ORLANDO, Fla. – A sea of blue police lights on Orange Avenue greeted Orlando Regional Medical Center emergency room staff when they arrived to work on the morning of June 12.
ORMC staff members said that's when they knew they needed to get inside and start saving lives.
"We were pulling people out of trucks and ambulances, triaging them as they went in," EMT Jacob Zchiegner said.
He said he was on the receiving line at ORMC that morning -- a morning he said was unusually slow until the shooting at Pulse Nightclub.
"I had SWAT banging on the door, and I opened the door, and he said, 'I have a patient in the back, and you might have 20 more coming,'" Zchiegner said.
"The first patient hit the door, and there was another one right behind it," trauma nurse Jaimee Hahn told News 6.
"It was completely different from anything I've ever seen," emergency room nurse Libby Brown said.
"I feel like most of the night, I kind of spent it on autopilot," said nursing assistant Corrine Medeiros, who was entering her third week of internship training when the attack happened.
"At one point -- I always wear sleeves to work to cover up tattoos -- and I had ripped off one of my sleeves to use a tourniquet because I couldn't find any at the time," Zschiegner said.
"We were totally focused on taking care of the victims," said Dr. Michael Cheatham, a trauma surgeon at ORMC who worked with a team of other surgeons that morning to save as many lives as possible.
One year after the attack at Pulse, ORMC staffers said they're looking forward, but will not forget what their team experienced.
"Every time they come to the office, their smile is a little bigger," said Dr. Chadwick Smith, ORMC trauma surgeon. "They look a little healthier. They look a little bit more mentally healthy."
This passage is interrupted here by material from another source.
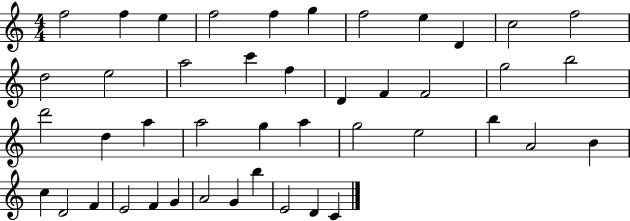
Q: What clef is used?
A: treble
"This is still something that I think about on a daily basis," said Dr. Andrew Loudon, a surgery resident at ORMC. "Initially, I didn't think it would last this long with me. I thought it would be something that would be on my mind for a couple weeks, and then it would fade off, but this is something that I will probably remember for the rest of my life."
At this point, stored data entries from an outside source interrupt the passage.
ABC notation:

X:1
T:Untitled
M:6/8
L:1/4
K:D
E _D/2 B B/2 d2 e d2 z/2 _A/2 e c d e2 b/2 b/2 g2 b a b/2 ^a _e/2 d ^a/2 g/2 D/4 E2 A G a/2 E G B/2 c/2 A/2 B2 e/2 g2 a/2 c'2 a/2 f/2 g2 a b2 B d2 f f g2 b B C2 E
Holly Stuart's job the morning of June 12 was to help friends and family who had gathered in the hospital's waiting room.
"It was a Saturday night at a club, and so the patients that we took in so quickly … You're less concerned with who they were," she said. "We were more concerned with saving their lives."
One year later, Stuart said her job that morning has come full circle.
"The president of ORMC and I were teaching orientation the other day, and this young man stood up, and we asked everybody to tell unique stories. He said he's one of 11 children. He came to work here because his mom was one of the ones who died at Pulse. That's huge," she said.
The new employee's mother was Brenda McCool, 49, a two-time cancer survivor before she was killed at Pulse.
She said it's a testament to the critical, life-saving work the staff performs everyday at ORMC.
Some of the doctors and Eric Alberts, manager of corporate emergency preparation, toured the country one year after the mass shooting talking with other hospitals.
They said they want to share what they learned from the morning of June 12, and they want to drive home the point to other cities and other hospitals that it's not a matter of if something like this will happen where they live, but it's a matter of when.